ISLAMABAD - The United States has promised to help defuse Pak-India tension as Islamabad and Washington work as a team for peace talks with the Afghan Taliban, officials said. Senior officials at the foreign ministry told The Nation that Islamabad had been pushing Washington to press India for peace with Pakistan. One official said: “Washington has promised to help. They will use their influence (in India) to bring India to the talks table and stop bloodshed in Kashmir.”

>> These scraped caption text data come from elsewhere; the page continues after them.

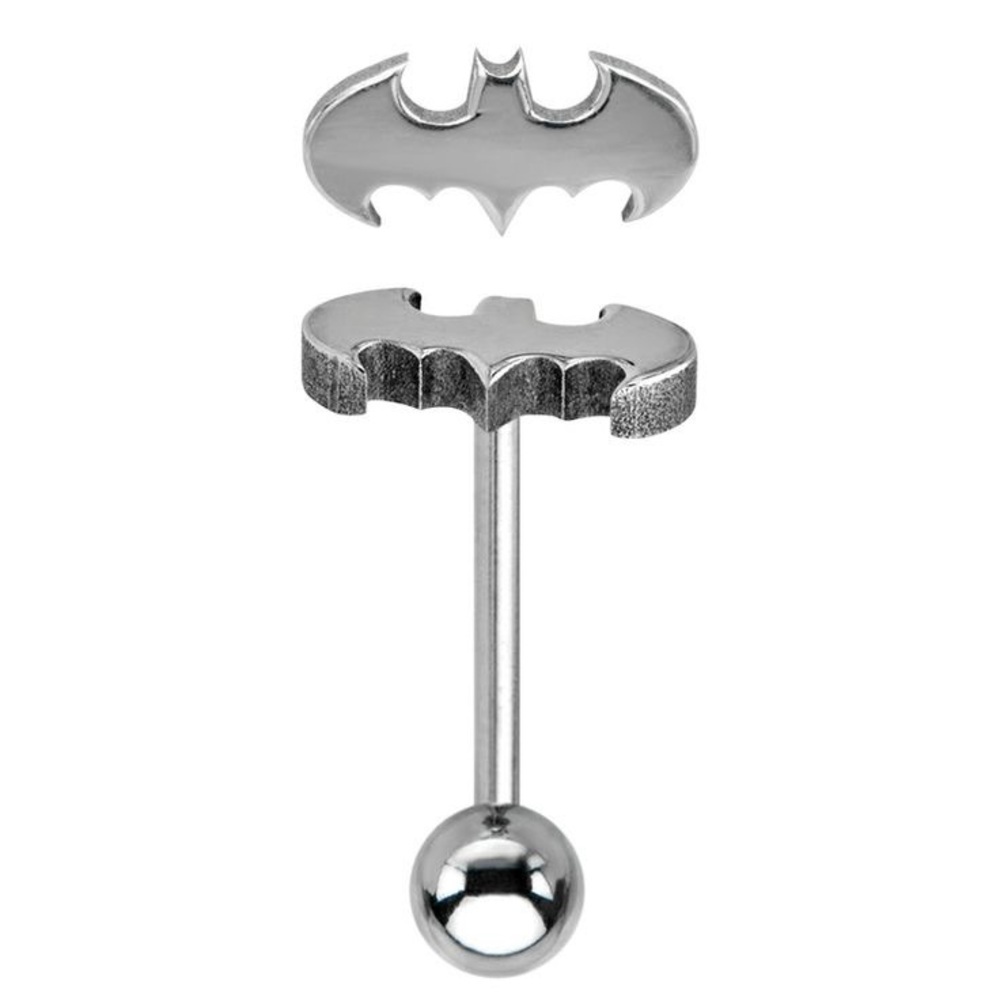 Body Vibe Batman Logo Tongue Ring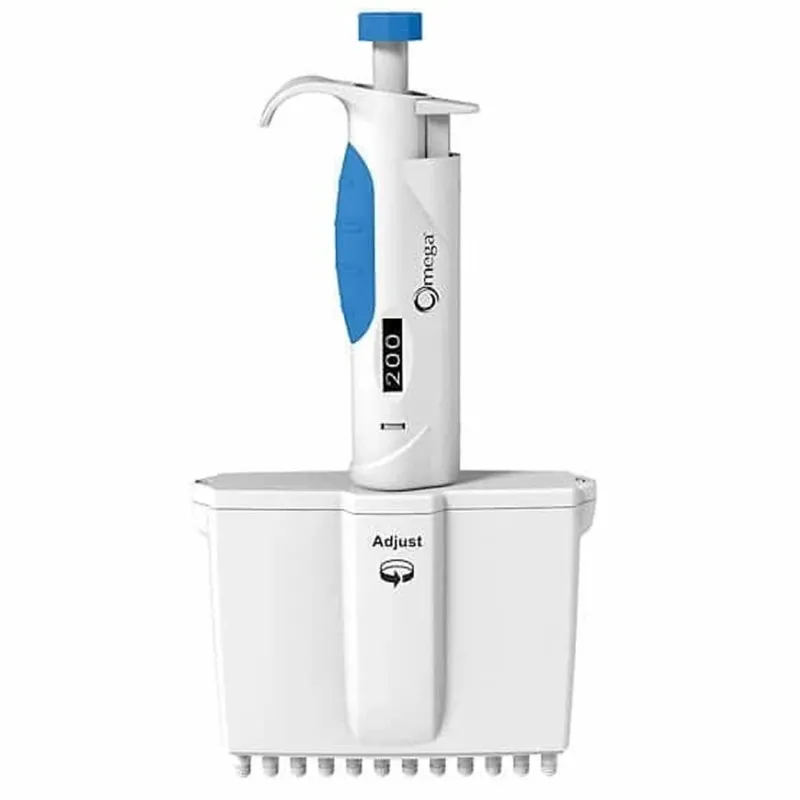 Argos Technologies 24501-23 Omega 12 Channel Mechanical Adjustable-Volume Pipette, 5 to 50 µL; 1/EA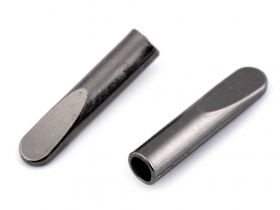 Opritori W017-1041, Alb, Negru (500 bucati/set) - Capat Snur Metalic, Ø4 mm, Gunmetal (25 bucati/pachet) Cod: 160067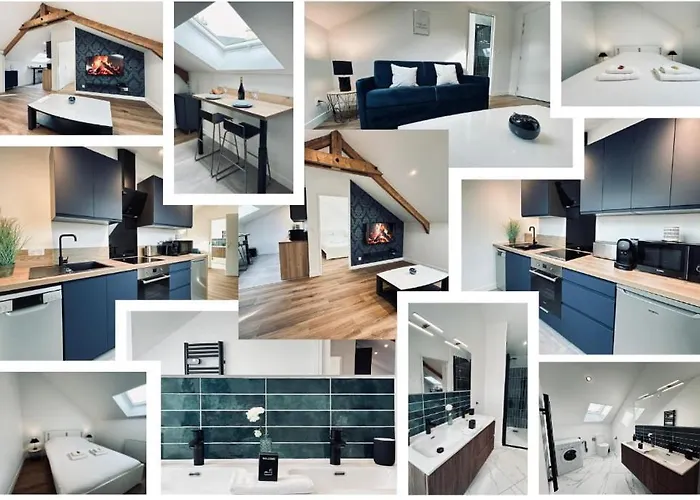 Апартаменты 3 Vasnier Confortable Proche Caves De Champagne Реймс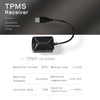 نظام إنذار لمراقبة ضغط الإطارات TPMS USB للسيارة/مراقبة ضغط الإطارات للملاحة بنظام Android/ناقل الحركة اللاسلكي TPMS 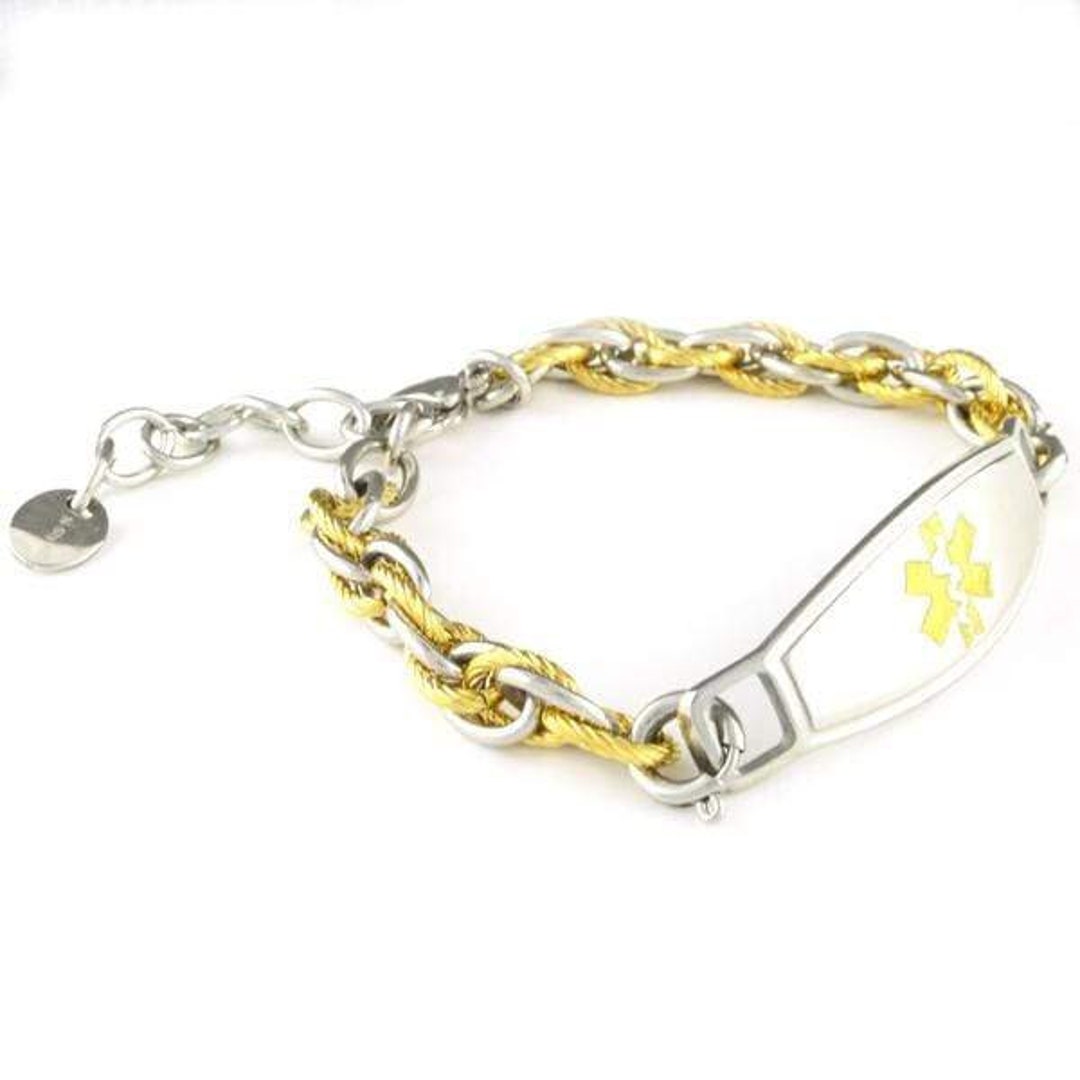 Medical ID Bracelet for Women Women's Medical Alert ID Bracelet Medical ...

Another official said the US was happy with Pakistan’s help for Washington’s direct talks with the Afghan Taliban and “we have told them we also need peace on the eastern border (with India).” He added: “The US has asked us (Pakistan) to continue work on Afghan Taliban while they (the US) use their good offices to tame India.” This week, Prime Minister Imran Khan telephoned United Nations Secretary General Antonio Guterres urging him to take notice of grave human rights violations in occupied Kashmir. “The Prime Minister also underscored UN’s role to end human rights violations being perpetrated by occupied Indian forces against Kashmiris,” said an official statement.

Earlier, president’s rule was imposed in the held Kashmir after Indian President Ram Nath Kovind’s approval. After six months of Governor’s Rule which expired on December 19, 2018, the occupied valley will now be under President’s Rule. The President’s rule was first imposed in the state in 1986, whereas the previous instance of President rule was 22 years ago.

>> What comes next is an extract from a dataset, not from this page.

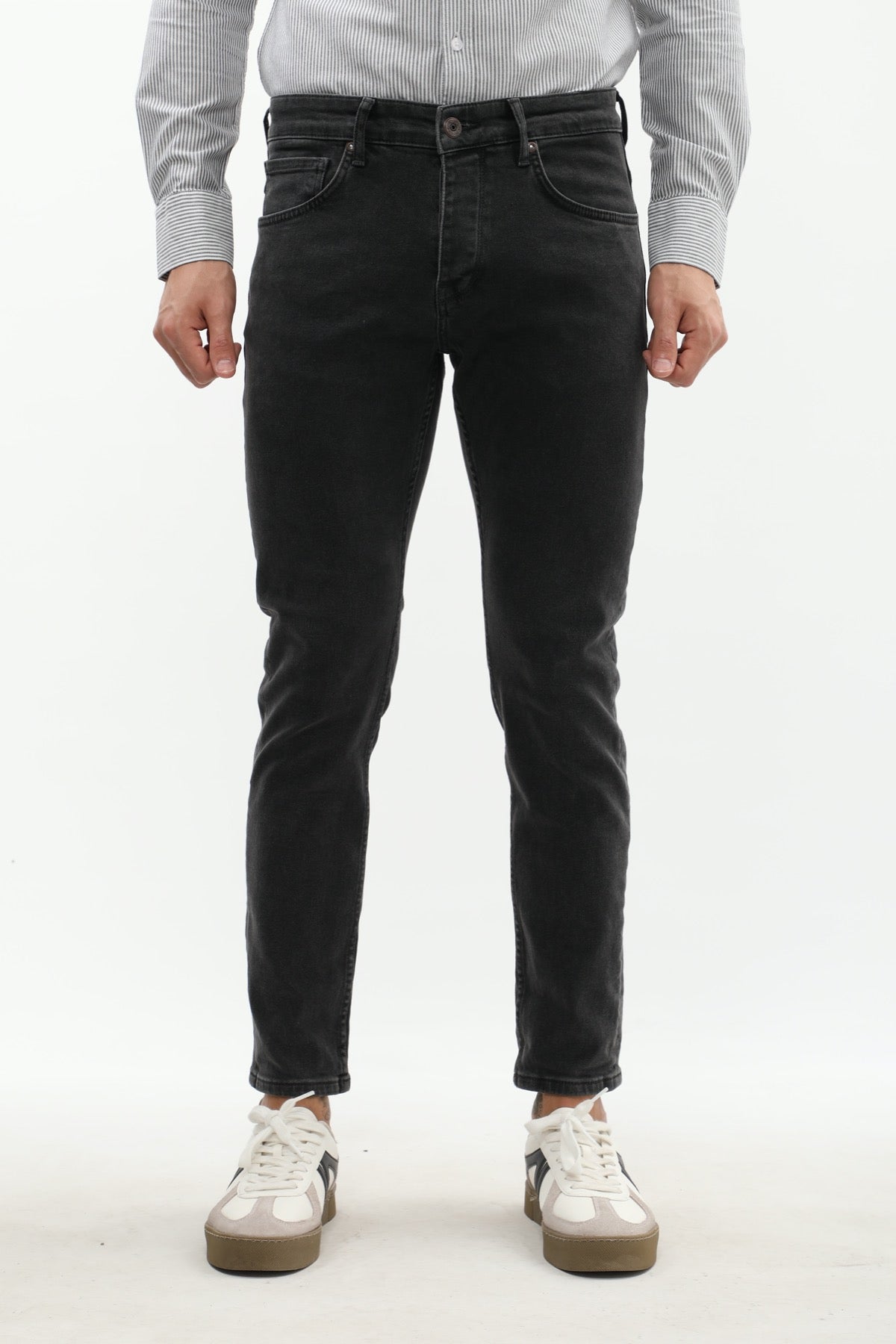 جينز JEANSPRO Slim Fit - رمادي فاتح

The union cabinet headed by Prime Minister Narendra Modi took the decision this week after Governor Satya Pal Malik sent a report to the central government recommending imposition of President’s rule in the state. Curfew-like restrictions continued across occupied Kashmir earlier this week following a renewed wave of killings by Indian troops. Last week, Indian forces killed 10 youth in Pulwama district, sparking protests by residents which led to two more young people being killed and several others getting injured. Indian atrocities in the valley have left tens of thousands of people dead since 1989 — most of them civilians. But this year has been the deadliest since 2009, with more than 500 people killed so far. Authorities said last week that incidents of violence were on track to double this year compared to 2017.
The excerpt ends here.